14th June 2011, 25 min read

The language interpreters are the new machines

32 thoughts on “The language interpreters are the new machines”

Daniel Lemire says:

June 14, 2011 at 3:48 pm

@Jib

I suspect your experience is common. I also get into this sort of trouble in C++: the optimizer beats my hard work routinely.

My point is that this is even more true in Python or JavaScript.
Daniel Lemire says:

June 14, 2011 at 5:39 pm

@Dan I have updated my blog post with a link to a C++ test which shows that a single pass through the data is, as expected, about twice as fast.
Daniel Lemire says:

June 14, 2011 at 7:13 pm

@mr foo it

It is much better if you try to reproduce my results which you can do in seconds if you have a Mac or a Linux box. If not, you just need to install Python which takes minutes.
Daniel Lemire says:

June 14, 2011 at 7:14 pm

@Will I need to learn Go.
Jib says:

June 14, 2011 at 3:15 pm

I actually ran into this over 15 years ago with C++ compilers. Optimizer’s were relatively new and improving rapidly from version to version. My really cool, highly efficient roll you own algorithms often ‘broke’ the optimizer in that the optimizer could not figure out what I were trying to do and could not help me. Over one 2 year process I found my code going from very fast compared to ‘dumb’ implementations to slower than ‘dumb’ implementations.

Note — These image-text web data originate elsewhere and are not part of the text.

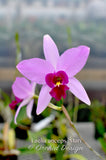 Laelia anceps 'Mari' – Nice color & Awardable - Orchid Design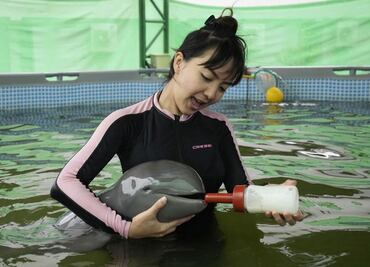 "Sólo quiere jugar, no come lo suficiente", dicen voluntarios que auxiliaron a bebé delfín enfermo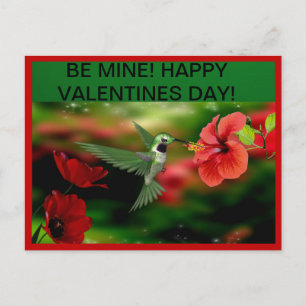 Hummingbird Valentines Day Post Card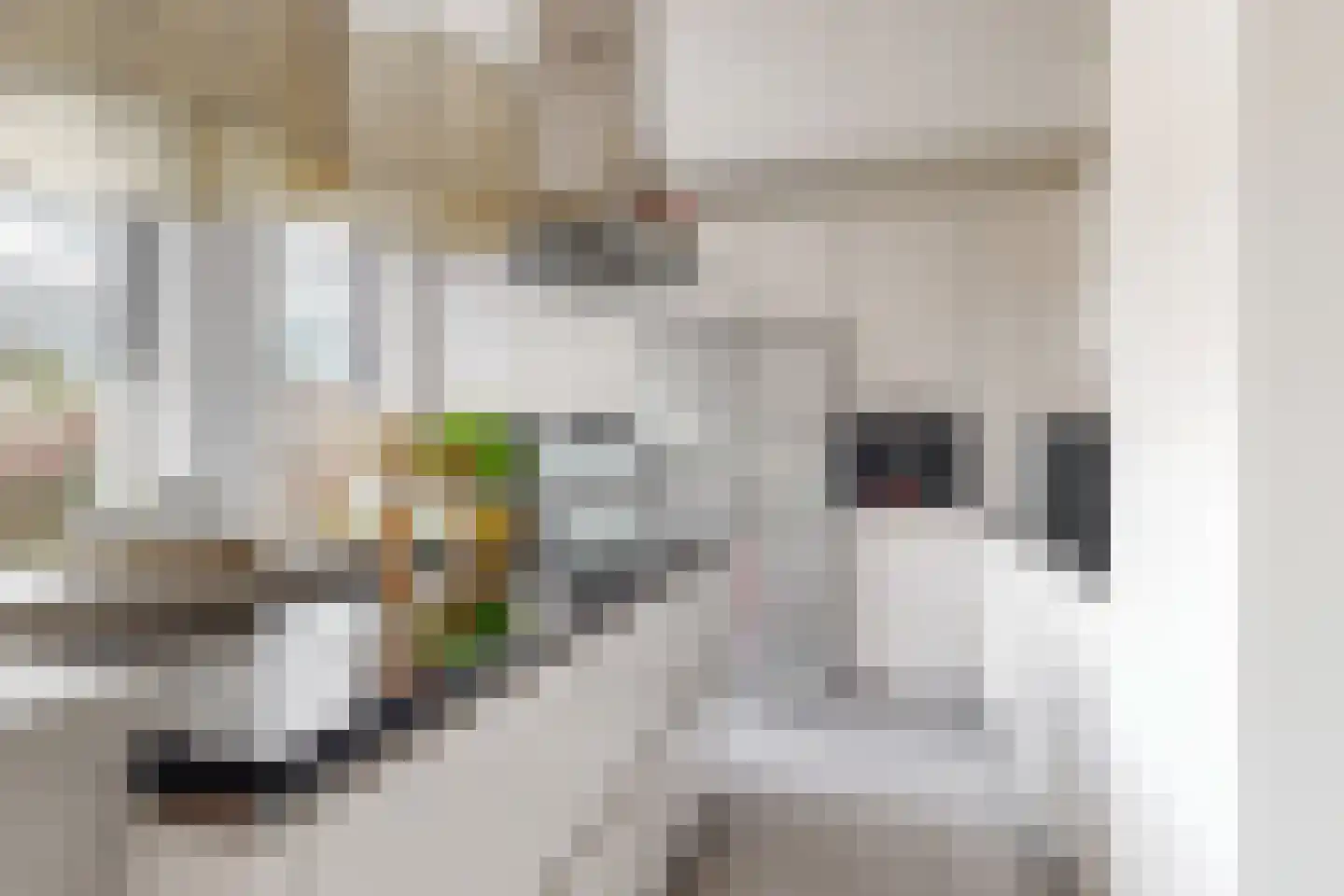 Nanne Jansz. Grootstraat 12 Andijk thumbnail 17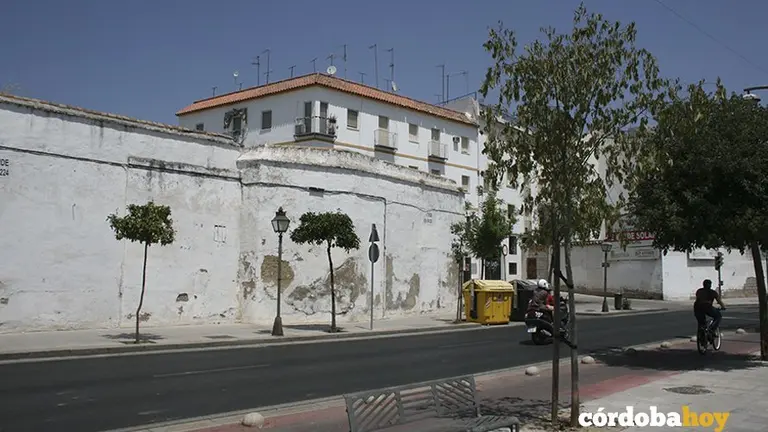 almezos secos ribera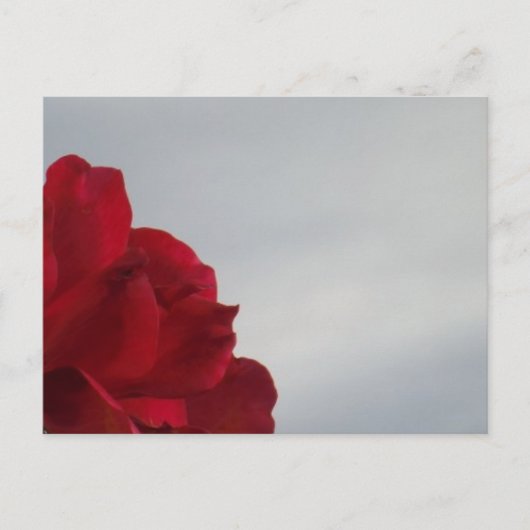 Carte Postale Roses rouges contre un ciel bleu vif (Devant)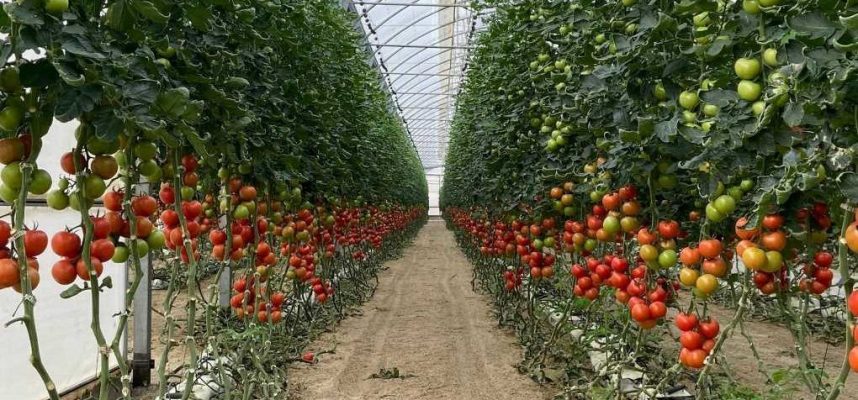 Invernadero-de-tomates-ok-1020x600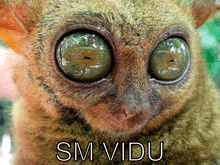 a close up of a monkey 's face with sm vidu written above it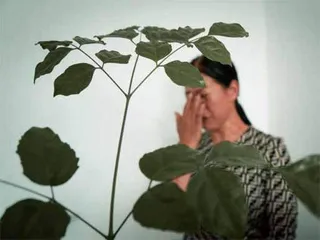 后会有期:寻亲路上希望与失望交织,DNA是最终认亲依据5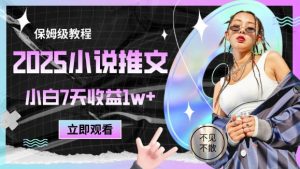 2025小说推文最新玩法，推文保姆级教程，小白7天收益1w+-理想项目库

The key was that the optimizers were taking advantage of the full instruction set of what was then state of the art processors where as my algorithms assumed a much simpler architecture.

Damn you Knuth!
Daniel Lemire says:

June 14, 2011 at 8:34 pm

@Rafael

Thanks but your function, according to my tests, is several times slower than array.index(max(array)). In fact, it is slower than any of the alternative, on my machine. Can you publish your numbers and your code?
Daniel Lemire says:

June 14, 2011 at 8:39 pm

@Hoffman

I did not know about the array package: thanks! Unfortunately, I don’t get any speed gain by using a Python array instead of a list.
Iain says:

June 14, 2011 at 3:46 pm

An aside not relevant to your main point: when using numpy, arrays have an argmax() method, which is much faster than any of these solutions. Actually I think numpy reinforces your point: I’m often doing multiple passes over arrays when not strictly necessary because it vectorizes better in numpy or Matlab.
Itman says:

June 14, 2011 at 4:07 pm

@Jib, if a compiler can use SSE operations, then it can beat you. However, if you use SSE operations explicitly, you are likely to beat the compiler.

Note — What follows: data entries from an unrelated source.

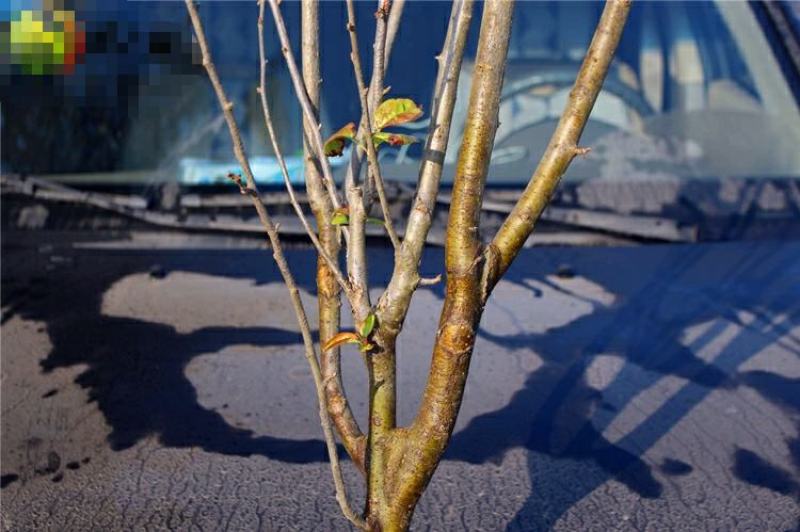 垂丝海棠花树苗南方北方室外庭院种植地栽耐寒花卉乔木绿化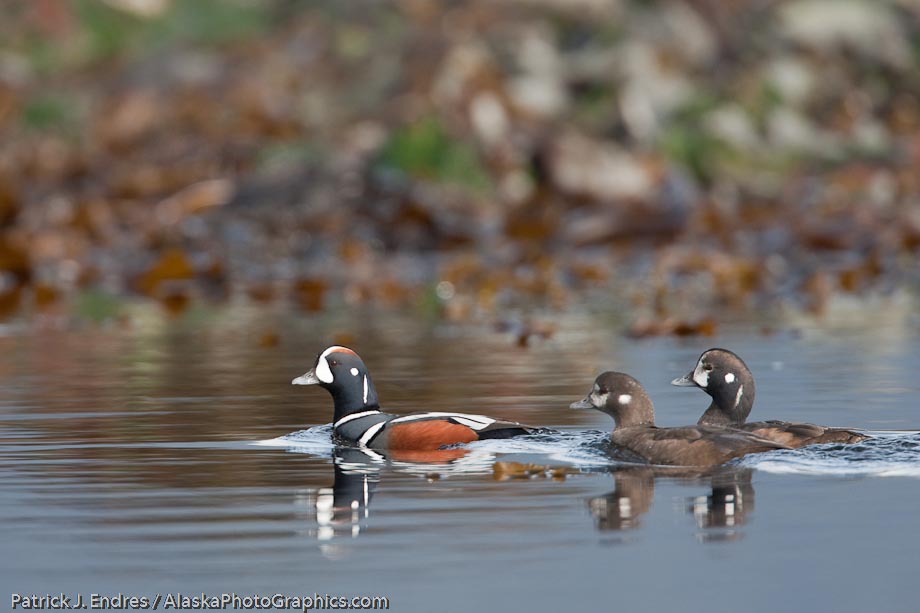 Harlequine duck, Prince William Sound, Alaska.  Canon 1Ds Mark III, 500mm f4 IS, w/1/4x (700mm) 1/1250 sec @ f6.3, ISO 800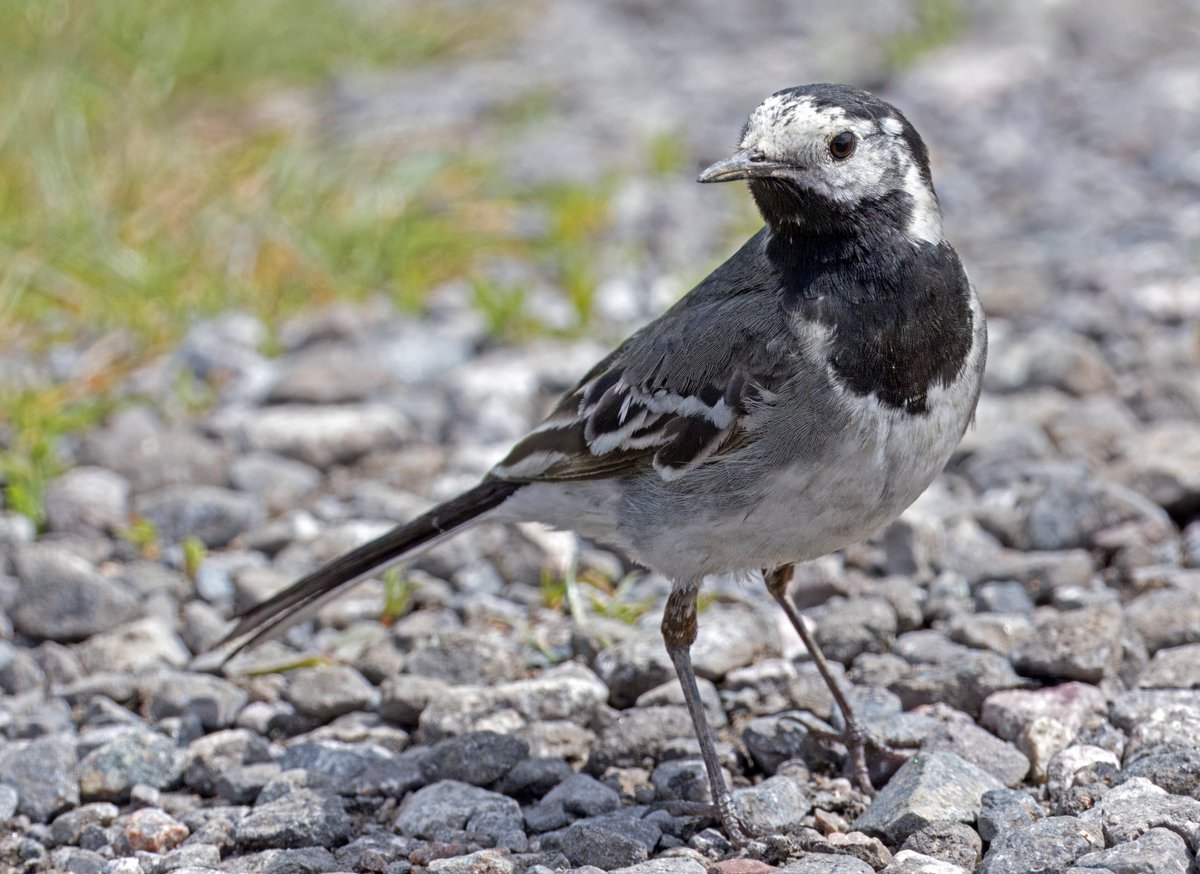 Pied Wagtail. Elmley Kent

@Daniel, this is a rather common issue nowdays. Loops are often prohibitive in script languages, because a built-in function may be orders of magnitude faster.
Itman says:

June 14, 2011 at 4:11 pm

PS: However, this is not a new issue. Consider, e.g., a SQL with procedural extensions.
Dan says:

June 14, 2011 at 4:21 pm

Two reasons why this could be the case:

If array.index() and max() are builtin functions, rather than interpreted, in a non-JIT language (like the Python 3 interpreter), then they will likely run much faster than the interpreted equivalent, even though the “algorithm” used for the others is more efficient. Presumably, this gap would close as the language interpreter gets faster or JITed.

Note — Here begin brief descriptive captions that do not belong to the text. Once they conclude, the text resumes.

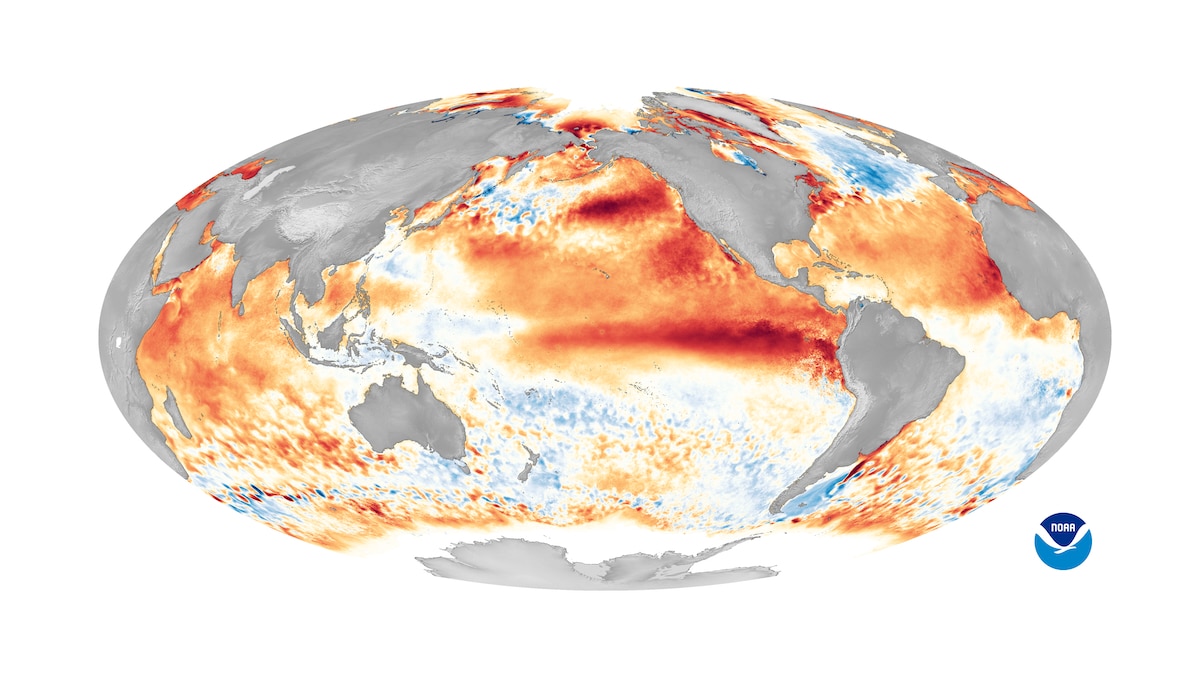 World map showing sea surface temperature anomalies during one of the strongest El Niño events on record in 2016. The red areas indicate warmer-than-average ocean temperatures, while blue areas represent cooler-than-average temperatures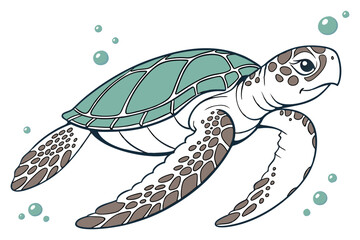 Ocean sea turtle aquatic animal isolated on clean white background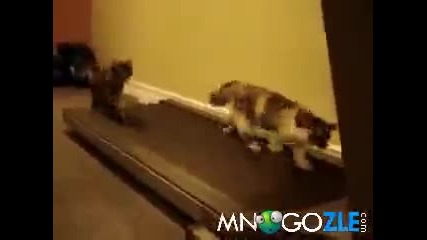 Котки тичат на пътеката 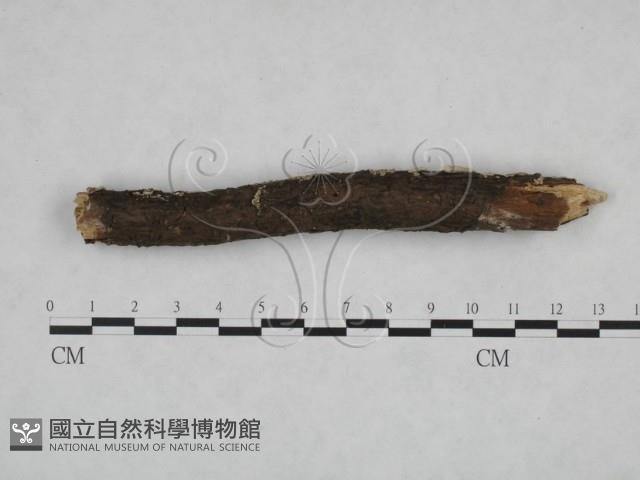 附毛菌屬藏品圖，第4張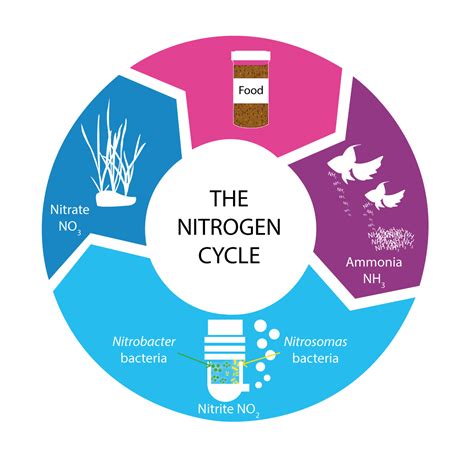 Ammonia Nitrogen Cycle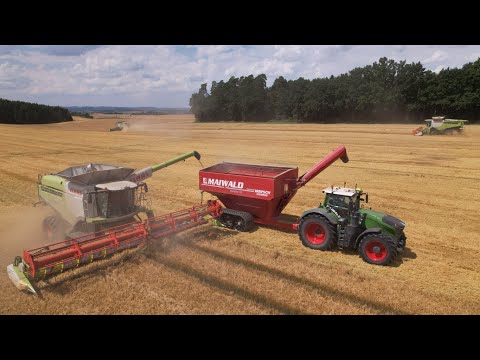 Harvest 2022 🌾 | 5x Claas Lexion in one field (1x780 - 3x770 - 1x 760) | AG Maiwald 🇨🇿
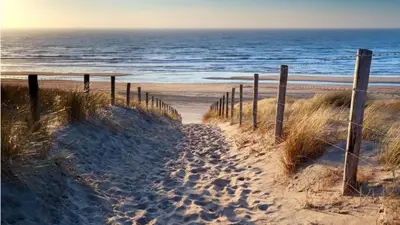 a fence on a sandy beach near the ocean at Garden find zandvoort in Bentveld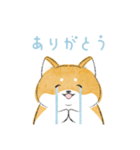 にこにこ柴ちゃん（個別スタンプ：6）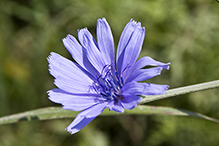 chicory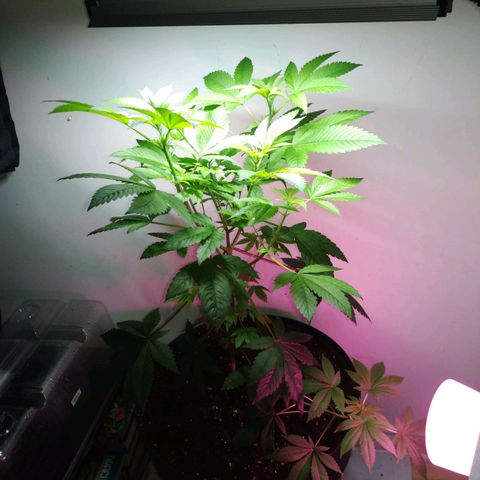 Regular seed (no name) growlog timeline photo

Second is that even in lower level languages like C, this “may” be the case. If the array.index() and max() functions run in a way that is very predictable for CPU branch prediction and makes efficient use of the processor cache (cache is properly prefetched) and the alternative has lots of sporadic branches and/or accesses data in unpredictable ways (so that there is little or no prefetching), as I suspect is the case with list comprehension and traversal (compared to simply scanning an array whose elements are beside each other; lists are probably linked lists – a notoriously cache-unfriendly data structure), then the code which technically does more work would still be faster.

tl;dr: modern computers and languages are complex!
mr foo it says:

June 14, 2011 at 6:17 pm

You only ran each pass once!? or even if you did it multiple times you only posted averages!?
In order for the data to be useful we also need you to post the individual samples so we can run it under statistical tests.
Will Fitzgerald says:

June 14, 2011 at 6:31 pm

func ArgMax(arr []int) (index int, max int) {
for i,n := range arr {
if i==0 || n > max {
index = i
max = n
}
}
return
}

func main() {
array := []int{1,2,3,4,5,6,7,6,5,4,11113,2,1}
i,max := ArgMax(array)
println(i)
println(max)
}
Charles Nicholson says:

June 14, 2011 at 7:09 pm

Accumulating the maxarg as the array is populated and transformed gives you a O(1) query later. Of course it doesn’t work if you remove items, but if maxarg is your bottleneck, that might be a valuable constraint to impose.

Alternately, if maxarg is truly your bottleneck and you do remove elements from the array, then consider spending more memory and maintaining a heap of indices to array elements, sorted by their array element value, for constant-time maxarg query at the cost of O(logn) add/remove.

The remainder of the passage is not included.